With taking all into account , if I make a call to func, compiler at run time would check what b is actually pointing to:-
void func ( Base* b )
{
b->function1 ();
b->function2 ();
}
Let's say we have object of D1 passed to func. Compiler would resolve calls in following manner:-
First it would fetch vptr from object and then it will use it to get correct address of function to call. SO, in this case vptr would give access to D1's vtable. and when it looksup for function1 it would get the address of function1 defined in base class. In case of call to function2, it would get address of base's function2.
Hope I have clarified your doubts to your satisfaction...
The implementation is compiler specific. Here I am going to do some thoughts that have NOTHING TO DO WITH ANY ACTUAL KNOWLEDGE of how exactly it is done in compilers, but just with some minimal requirements that are needed in order to work as required. Keep in mind that each instance of a class with virtual methods knows at run time which is the class it belongs too.
Lets suppose we have a chain of base and derived classes with a length of 10 ( so a derived class has a gran gran ... gran father ).
We may call these classes base0 base1 ... base9 where base9 derives from base8 etc.
Each of these classes define a method as: virtual void doit(){ ... }
Let's suppose that in the base class we use that method inside a method called "dowith_doit" non overridden in any derived class.
The semantics of c++ imply that depending on the base class of the instance we have at hand, we must apply to that instance the "doit" defined in the base class of the instance at hand.
Essentially we have two possible ways of doing it:
a) Assign to any such virtual method a number that must be different for each method defined in the chain of derived classes. In that case the number could be also a hash of the name of the method.

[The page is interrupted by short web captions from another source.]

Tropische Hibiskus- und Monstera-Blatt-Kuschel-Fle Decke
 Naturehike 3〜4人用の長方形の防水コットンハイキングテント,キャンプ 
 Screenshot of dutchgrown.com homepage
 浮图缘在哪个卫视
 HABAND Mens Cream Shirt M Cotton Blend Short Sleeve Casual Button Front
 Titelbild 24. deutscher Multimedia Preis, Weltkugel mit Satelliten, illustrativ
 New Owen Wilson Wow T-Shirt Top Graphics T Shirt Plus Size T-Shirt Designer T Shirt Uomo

Each class defines a table with 2 columns were the first column holds the number of the method and the second column the address of the function. In that case each class will have a vtable with so many rows as the number of virtual methods defined inside the class.
The execution of the method happens by searching inside the class the method under consideration. That search may be done linearly ( slow ) of by bisections ( when there is an order based on the number of the method).
b) Assign to any such method a progressively increasing integer number (for each different method in the chain of classes), and for each class define a table with only one column. For virtual methods defined inside the class the function address will be in the raw defined by the number of the method. There will be many rows with null pointers because each class doesn't override always the methods of previous classes.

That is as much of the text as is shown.